Sebaliknya, akuntabilitas kinerja mereka harus diperuntukkan bagi kepentingan
rakyat. Mereka harus punya sensibilitas politik dan mampu menyelami
pergumulan batin konstituen pemilihnya. Mereka juga dituntut memiliki
kemampuan teknis dalam pekerjaannya mengolah dan mengarahkan kekuasaan, yang
telah digenggamnya untuk mewujudkan tujuan kesejahteraan bersama. Itu
tidaklah mudah!
Dalam
ajaran klasik tentang demokrasi, rakyat sejatinya berdaulat. Rakyat
seharusnya memerintah dirinya sendiri tanpa menyerahkan kekuasaannya itu
kepada siapa pun dan lembaga mana pun.
Kini,
“rakyat memerintah dirinya sendiri,” menurut F Budi Hardiman (2009), berarti
rakyat tidak hanya menerima atau menolak hasil keputusan pemilu, tetapi juga
melakukan mekanisme kontrol atasnya.
Di
sinilah, mengawal dan mengawasi kinerja anggota DPR baru kita itu menjadi
lebih urgen ketimbang memilih mereka di bilik-bilik suara. Titik puncak dari
pemilu bukan terletak pada “coblosan massal” untuk memilih wakil rakyat.
Memilih
mereka hanyalah satu (tahap awal) dari serangkaian tahapan proses politik
menuju demokrasi yang lebih substansial. Tahap selanjutnya adalah mengawasi
wakil rakyat yang terpilih itu. Dengan kedaulatannya, rakyat berperan sebagai
pengendali arah dan tujuan pemerintahan, termasuk parlemen yang terbentuk
dari hasil pemilu.
Sekalipun
tugas anggota DPR adalah melakukan fungsi pengawasan—selain fungsi legislasi
dan penganggaran—faktanya, justru perilaku merekalah yang kini mendorong untuk
diawasi. Salah satu penyebabnya adalah kasus korupsi. Ya, anggota dewan
terhormat, terutama periode 2009-2014 terindikasi paling banyak terlibat
kasus korupsi.
Menurut Transparency International Indonesia
(TII), indeks persepsi korupsi DPR menyentuh angka tertinggi dibanding
lembaga lain, yakni 4,33 dari 5. Sebagian dari anggota DPR terbukti
memanfaatkan kekuasaan dan kewenangan penyusunan anggaran untuk menumpuk
kekayaan pribadi.
Masalah
lain dari DPR periode sebelumnya adalah gagal memenuhi target legislasi.

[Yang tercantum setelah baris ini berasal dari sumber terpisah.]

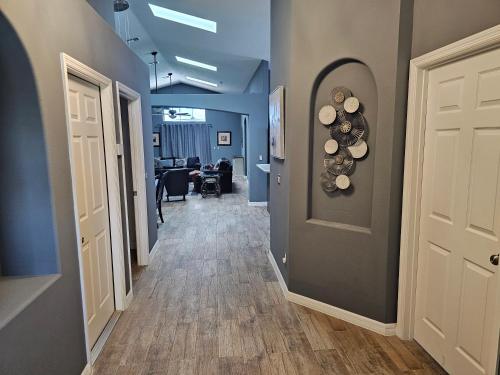 a hallway with blue walls and a white door at Mufasa's Pride in Kissimmee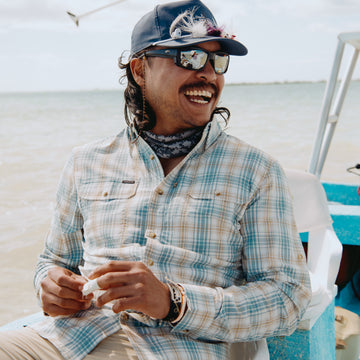 Man laughing while on a boat
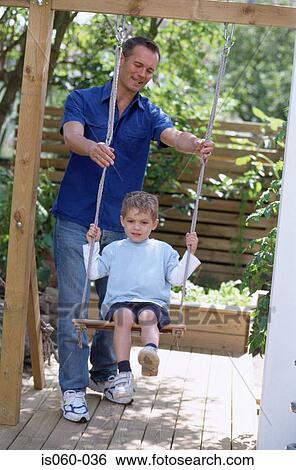 Father and son outdoors View Large Photo Image Stock Photograph - Father and son outdoors. Fotosearch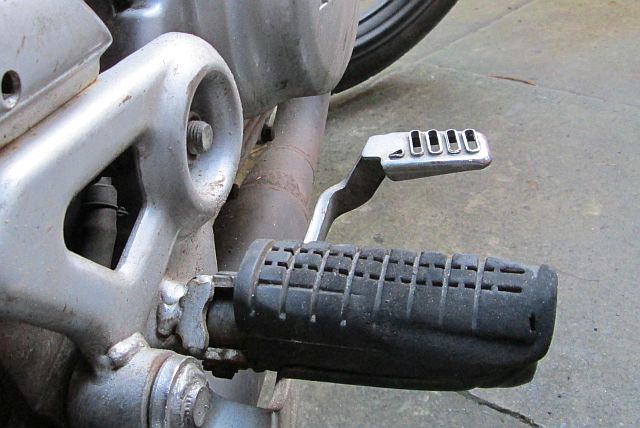 the worn peg rubber on the other side of the motorcycle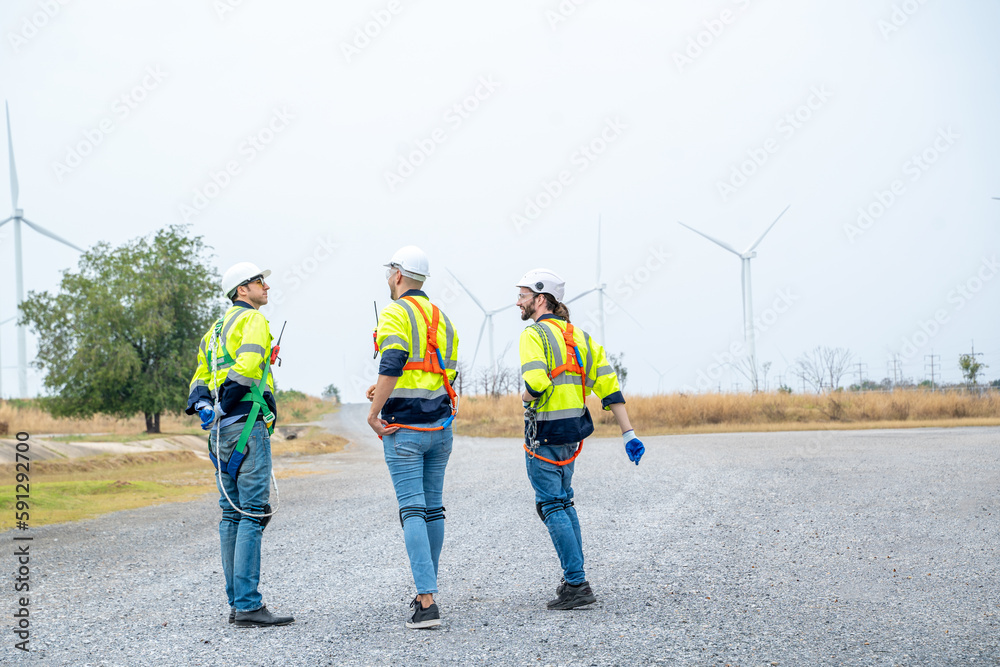 Engineer inspection wind power plants with check performance,Clean energy concept saves the world.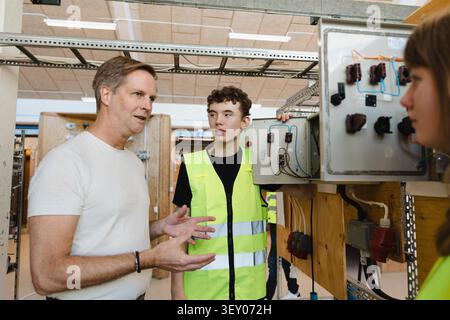 Mature male instructor teaching about electrical components to students at workshop in vocational school Stock Photo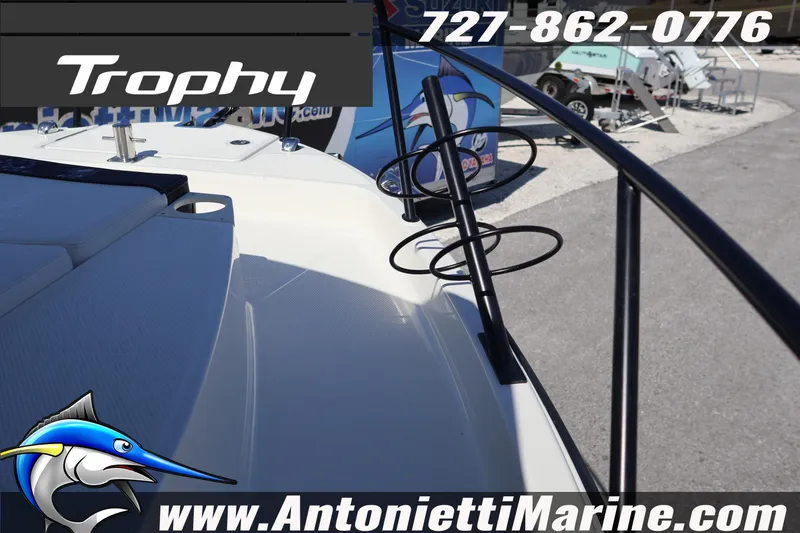 Slide: The Image of Bayliner Trophy T25 Pilothouse 2026 boat deck with fishing rod holders, displayed at Antonietti Marine. - 19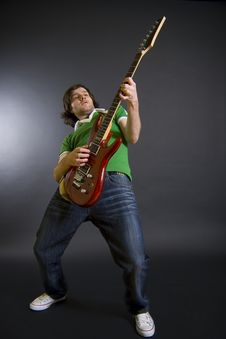 Passionate Guitarist Playing His Electric Guitar Royalty Free Stock Photos Passionate Guitarist Playing His Electric Guitar Royalty Free Stock Photos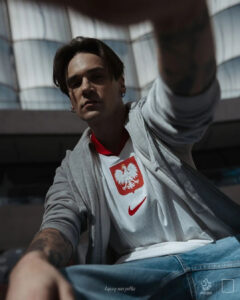 Young man wearing a white Poland football jersey with eagle crest, gray hoodie, taking a low-angle selfie outdoors.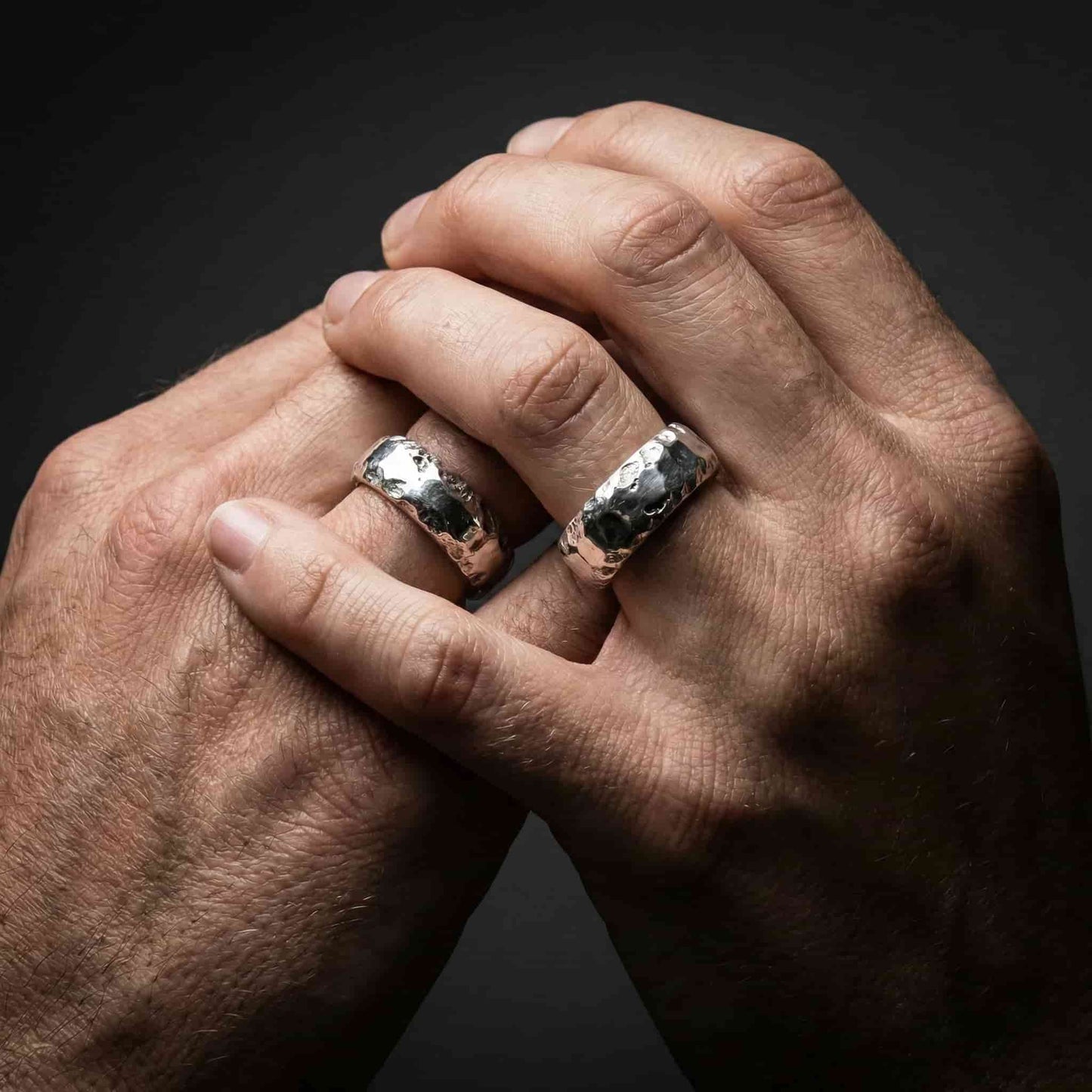 Pareja de novios con anillos de boda originales de plata pesada y ancha.
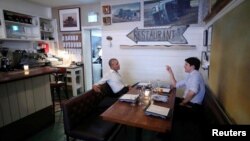 Canada's Prime Minister Justin Trudeau speaks with former United States President Barack Obama at a restaurant during Obama's visit to address the Montreal Chamber of Commerce, in Montreal, Quebec, June 5, 2017. 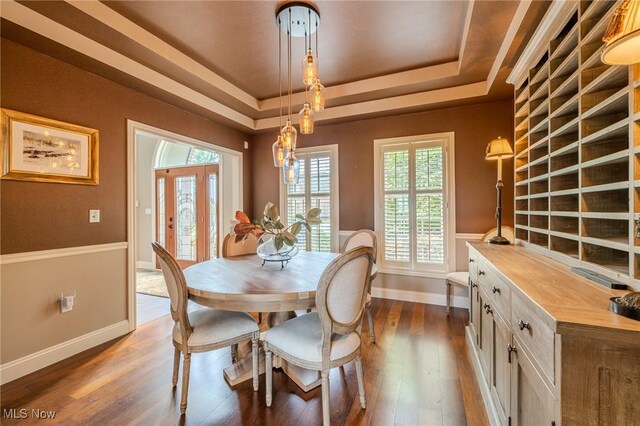 854 Crosstree Ln, Sandusky, OH 44870 - dining area with a tray ceiling and dark wood-style flooring
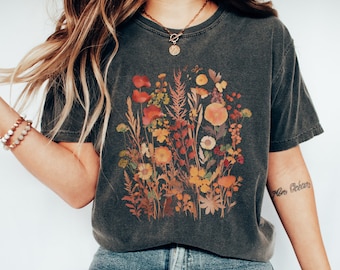 May include: A dark gray t-shirt with a floral print featuring pressed flowers in shades of orange, red, and yellow. The flowers are arranged in a bouquet-like design.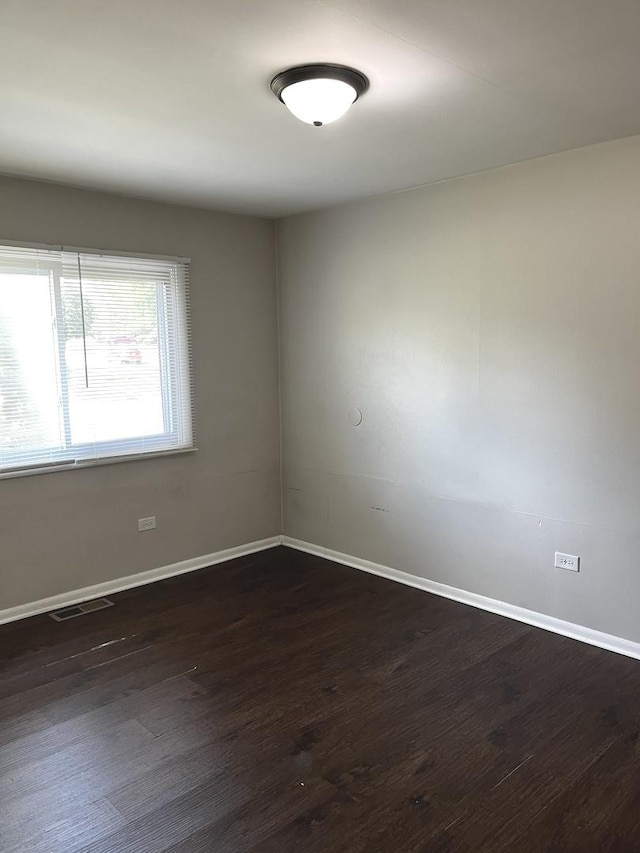 548 Landau Rd, University Park, IL 60484 - empty room featuring baseboards and dark wood-style flooring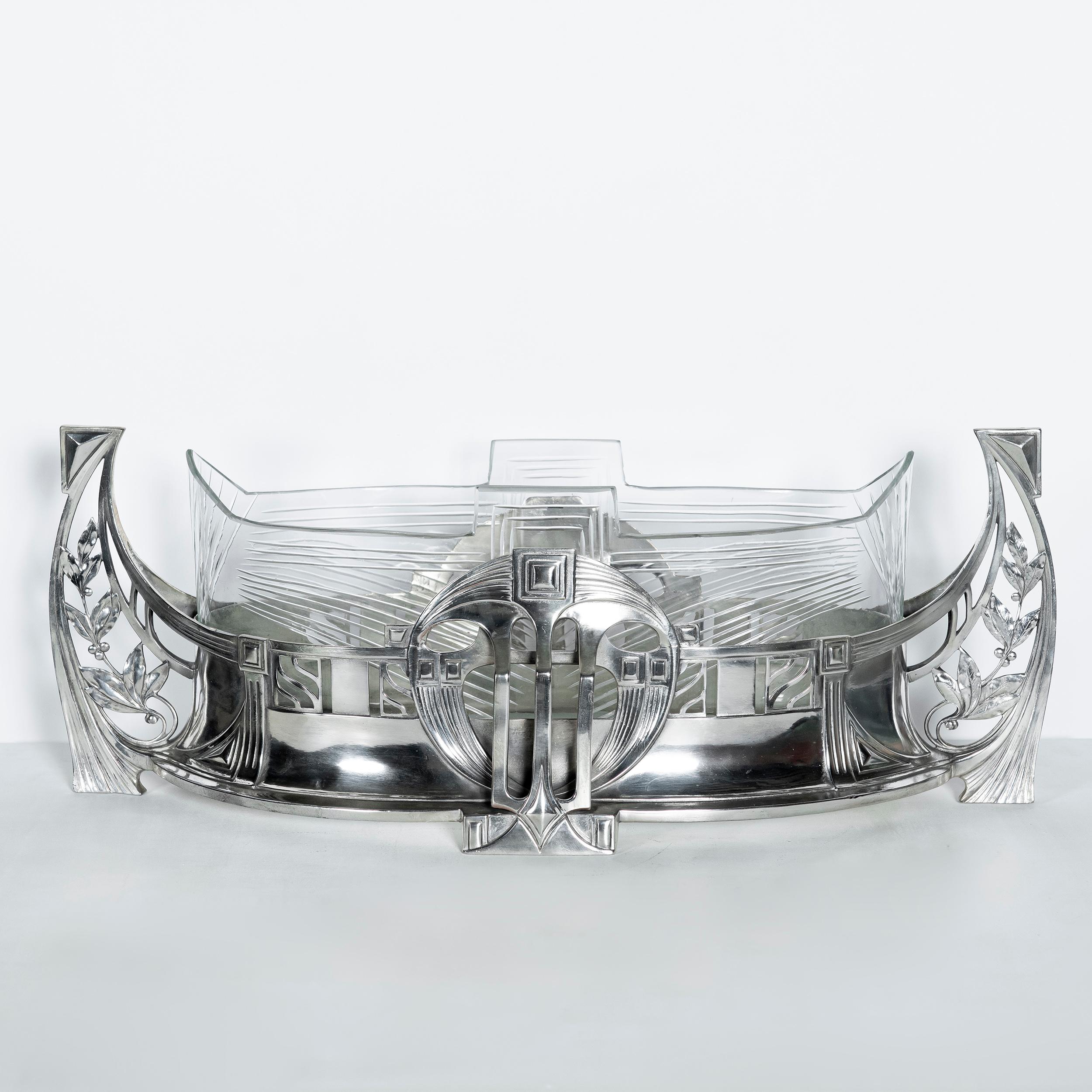 Pair of W.M.F. silver plate jardinière with glass, Jugendstil period, circa 1900.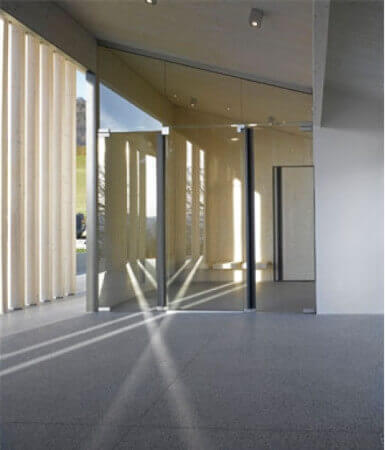 Sun beams entering through wooden columns in a modern designed cemetery building.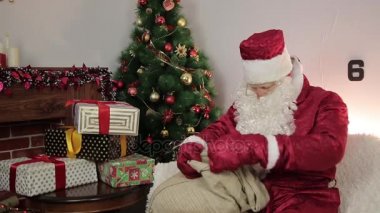 Noel Baba hediye çantasından alır..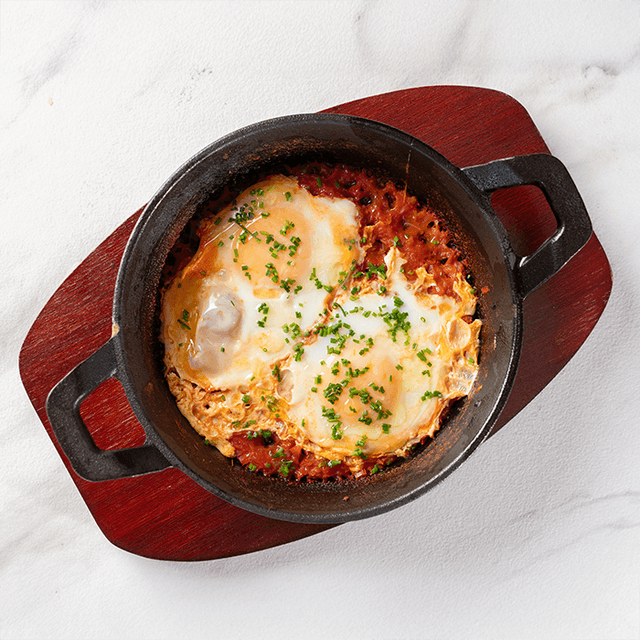 Shakshuka Clásica - Huevos cocidos en salsa de tomates especiada, pimentón y cebolla con pan artesanal en Le Grenier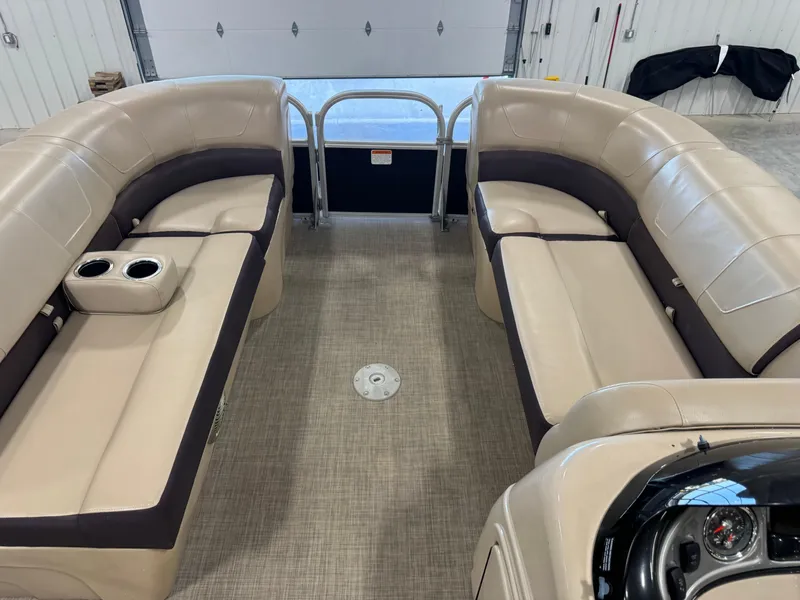 Slide: The Image of 2018 Sun Tracker Party Barge 22 DLX interior with beige seating and cup holders. - 9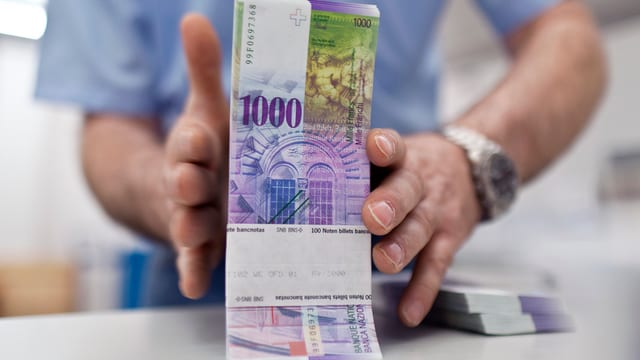 Mann hält ein Bündel Tausendernoten auf dem Tisch Mann hält ein Bündel Tausendernoten auf dem Tisch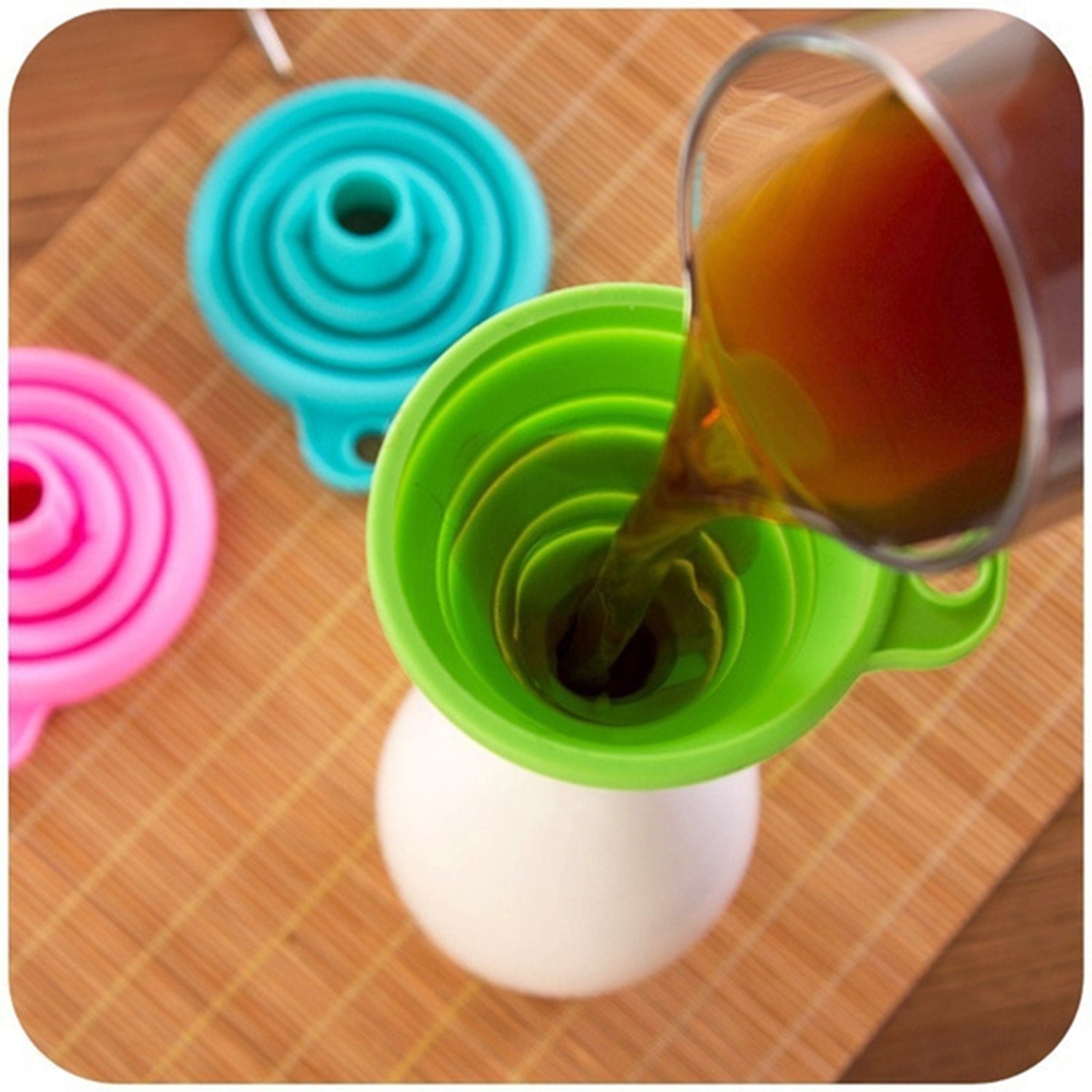 Collapsible silicone funnel in red, ready for kitchen use.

Selain itu, banyaknya anggota DPR yang membolos mengikuti berbagai rapat atau
sidang juga semakin menambah kekecewaan rakyat. Kita tidak ingin anggota DPR
terpilih nanti mengulangi dosa-dosa yang sama dengan apa yang telah dilakukan
para pendahulunya.
Rekam
jejak kinerja buruk mereka selama lima tahun lalu, harus menjadi pemantik
bagi anggota DPR baru untuk melakukan perubahan secara substansial dan harus
dibuktikan secara nyata dalam lima tahun yang akan datang.
Untuk
itulah, rakyat (sekali lagi), sebagai kekuataan civil society, harus ikut mengawal mereka, melakukan fungsi
pengawasan secara ketat, menjadi bagian dari pressure group yang setiap saat
bisa mengontrol kinerja mereka. Bahkan, rakyat harus mengembangkan sikap
kritis, bahkan skeptis sekalipun, dalam melakukan pengawasan.
Beberapa
indikator yang dibuat Forum Masyarakat Peduli Parlemen Indonesia (Formappi)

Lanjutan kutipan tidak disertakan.